Source : The Strait Times, Dec 19, 2008
SMALLER flats are making a comeback, with the Housing Board (HDB) ramping up supply to around 4,000 over the next two years to meet surging demand.
It marks a dramatic turnaround for a style of flat that had not been been built for about 20 years.
Next year 2,000 three-room and smaller flats will be built, almost double the amount put up this year, with a further 2000 earmarked for 2010.
The HDB move will mean a steady supply of smaller flats for lower income families and homeowners who need to downgrade amid grimmer economic times.
National Development Minister Mah Bow Tan flagged the strategy in Parliament last month.
HDB deputy chief executive Tan Poh Hong said yesterday that the board has revived smaller flats on a large scale as 'there are are more people who will need to downgrade, as well as first-timer families who would also like to start with smaller flats to be financially prudent'.
Analysts anticipate a good take-up as 'difficult economic conditions' encourage homebuyers to 'start small'.
Buyers like nurse Liu Li, 29, a home-hunter on the look-out for such affordable flats, said: 'A bigger pool of new, small flats will widen choices for first-timers like me.'
Prices will start from as low as $76,000 for the new small units.
The HDB stopped building two- and three-roomers in the 1980s as growing families fuelled demand for bigger flats.
But they were re-introduced in 2004 and two years ago, the HDB said it would resume building two-roomers to meet increasing demand.
Demand for smaller flats has been red hot recently. HDB sales have attracted over 10 times more applicants than homes available. An October sale of 150 small flats was swamped with 2,426 applications in just a week.
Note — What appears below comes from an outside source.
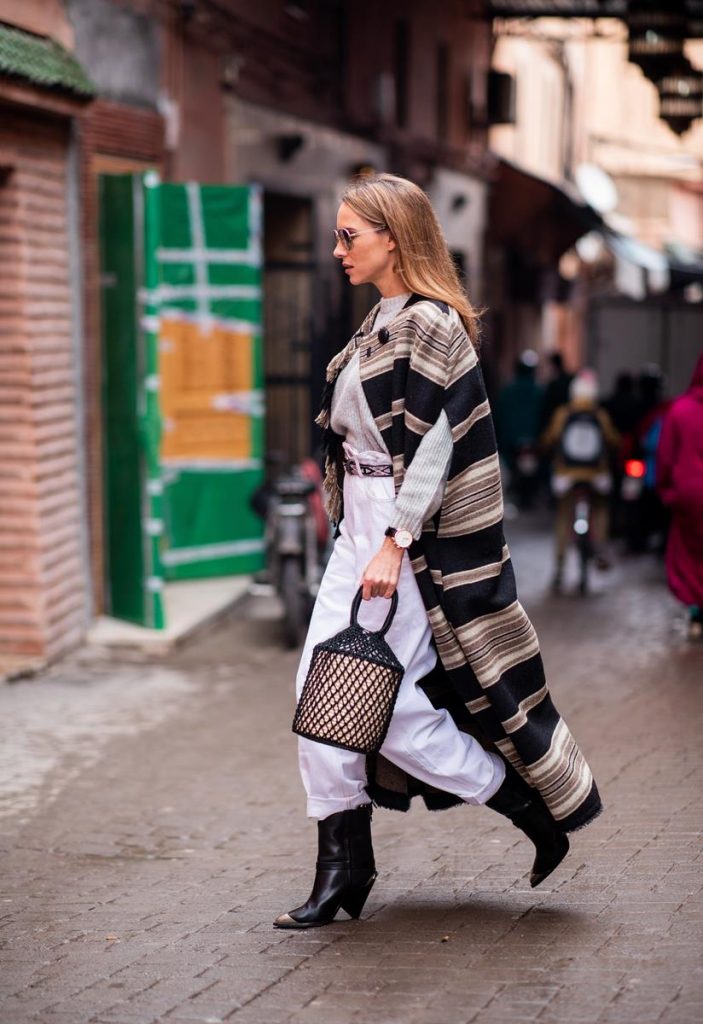Alexandra Lapp in a Poncho Style wearing a long Huan fringed striped wool cape from Isabel Marant, an oversized grey wool sweater from H&M, white high-rise boyfriend style jeans from Isabel Marant Etoile, a black leather belt with white stitches from Isabel Marant, black Cowboy boots with a silver tip from Isabel Marant, a handwoven basket bag from Sensistudio and mirrored sunglasses from Givenchy on November 25, 2018 in Marrakech, Morocco.
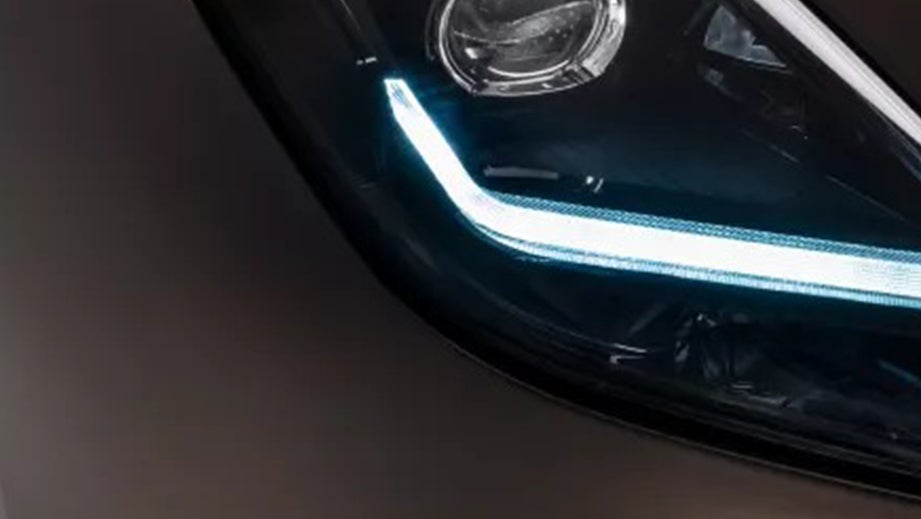 headlight close-up of a Maserati GranTurismo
Mr Kelvin Wang, who recently bought a three-roomer in Tiong Bahru, said he had difficulty finding the home, his first, because there were so few small ones around.
'The increased supply will help ease demand for such homes,' said the 24-year-old engineer.
Some of the new smaller flats form part of a new standard project launched by the HDB yesterday.
Dew Spring @ Yishun at the junction of Yishun Ring Road and Yishun Street 41 offers 504 four-room, 216 three-roomers and 144 two-room units.
The build-to-order (BTO) project has the largest number of smaller flat types among HDB's BTO launches this year. BTO projects are built only when a certain level of demand is reached.
HDB's Ms Tan stressed that the homes will be kept affordable.
Two-roomers at Dew Spring start at $76,000 to $90,000; three-roomers go for between $120,000 and $146,000 with four-roomers at $197,000 to $238,000.
For the first time, the HDB has released comparable prices of resale flats in the same area to show the affordability of the new flats being launched.
Prices of 20-year-old three-roomers nearby of similar size, for example, are selling for $175,000 to $180,000 - higher than the launch price, the HDB said.
PropNex chief executive Mohamed Ismail said that Dew Spring flats 'are priced very attractively. The smaller units are below $200 psf (per square foot), which is much lower than the median resale prices for that area in the last quarter'.
The HDB has launched 6,600 homes this year under its BTO scheme, of which 883, or 13 per cent, were two-room and three-room flats.
It plans to launch a further 1,180 units in the next two weeks, which will include 280 studio apartments, two-room and three-room homes.